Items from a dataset
★ ★ ★
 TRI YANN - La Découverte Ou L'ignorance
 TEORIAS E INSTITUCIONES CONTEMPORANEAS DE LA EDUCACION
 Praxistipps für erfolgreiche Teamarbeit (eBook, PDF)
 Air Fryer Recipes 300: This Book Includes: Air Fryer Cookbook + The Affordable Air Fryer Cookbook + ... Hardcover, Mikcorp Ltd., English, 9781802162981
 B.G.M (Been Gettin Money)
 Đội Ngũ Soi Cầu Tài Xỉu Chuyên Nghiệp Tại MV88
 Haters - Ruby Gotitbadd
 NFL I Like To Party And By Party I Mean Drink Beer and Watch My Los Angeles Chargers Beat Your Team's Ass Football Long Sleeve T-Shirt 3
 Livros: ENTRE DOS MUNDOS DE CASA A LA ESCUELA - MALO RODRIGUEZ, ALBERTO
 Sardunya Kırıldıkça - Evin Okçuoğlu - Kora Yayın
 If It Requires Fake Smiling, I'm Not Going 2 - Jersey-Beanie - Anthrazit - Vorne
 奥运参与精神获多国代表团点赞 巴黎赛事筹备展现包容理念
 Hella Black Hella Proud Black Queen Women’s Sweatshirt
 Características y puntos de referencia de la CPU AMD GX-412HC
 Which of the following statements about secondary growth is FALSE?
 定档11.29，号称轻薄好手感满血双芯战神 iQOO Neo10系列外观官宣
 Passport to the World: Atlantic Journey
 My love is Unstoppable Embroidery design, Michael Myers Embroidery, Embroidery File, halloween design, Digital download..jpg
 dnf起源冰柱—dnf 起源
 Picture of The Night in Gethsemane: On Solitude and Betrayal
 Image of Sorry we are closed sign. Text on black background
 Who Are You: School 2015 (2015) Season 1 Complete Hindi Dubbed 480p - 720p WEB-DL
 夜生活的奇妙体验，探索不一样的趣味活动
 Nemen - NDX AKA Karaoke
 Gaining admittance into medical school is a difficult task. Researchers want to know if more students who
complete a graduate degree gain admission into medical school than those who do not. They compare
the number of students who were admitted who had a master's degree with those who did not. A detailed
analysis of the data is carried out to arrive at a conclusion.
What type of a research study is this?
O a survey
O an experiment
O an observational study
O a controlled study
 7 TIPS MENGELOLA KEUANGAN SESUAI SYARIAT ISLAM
★ ★ ★
[Work instructions]: For the word "degree", find every line in the data that holds it and copy that line.

[Solution for this task]:
complete a graduate degree gain admission into medical school than those who do not. They compare
the number of students who were admitted who had a master's degree with those who did not. A detailed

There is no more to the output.